__Directions for this task__
Here the job is to transcribe the data exactly while omitting the images.

__Data provided__
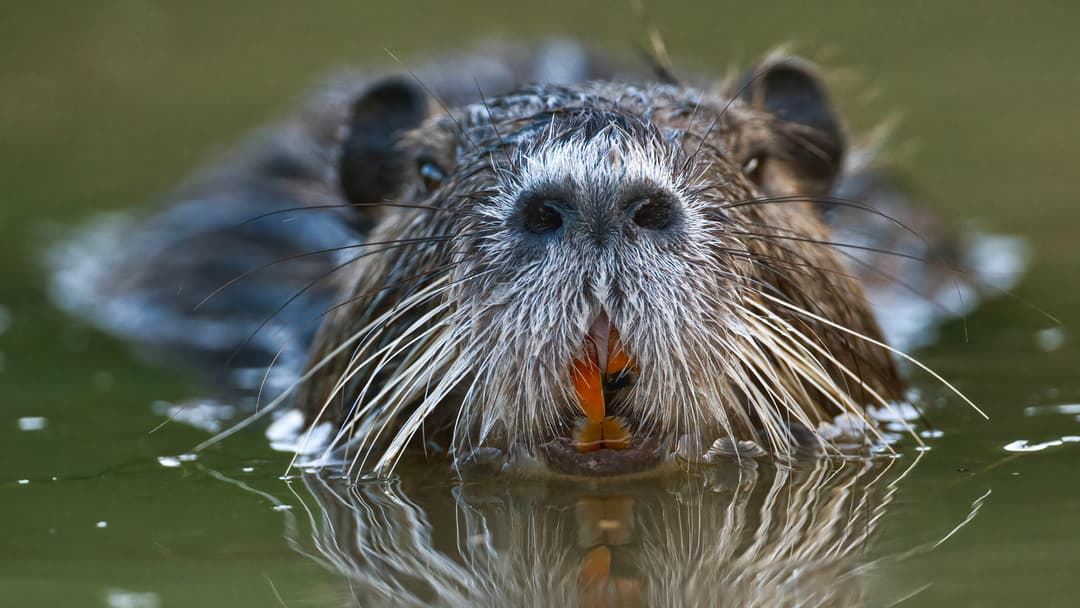 Die Gefahr im Wasser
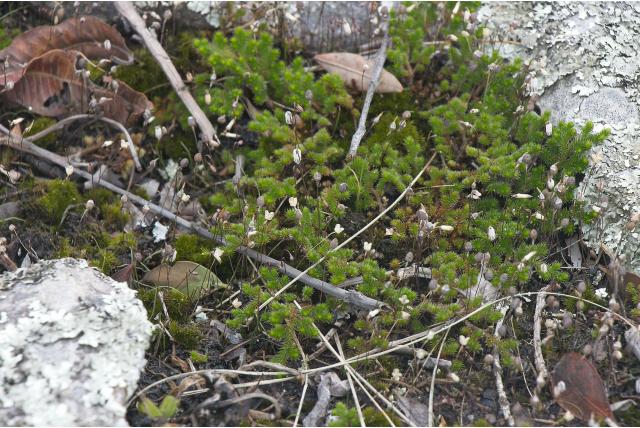 Enkelbloemige drimia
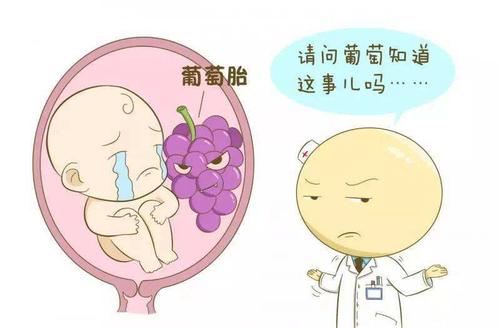 小红书:2024澳门精准正版资料-什么的威严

__Final answer__
 Die Gefahr im Wasser
 Enkelbloemige drimia
 小红书:2024澳门精准正版资料-什么的威严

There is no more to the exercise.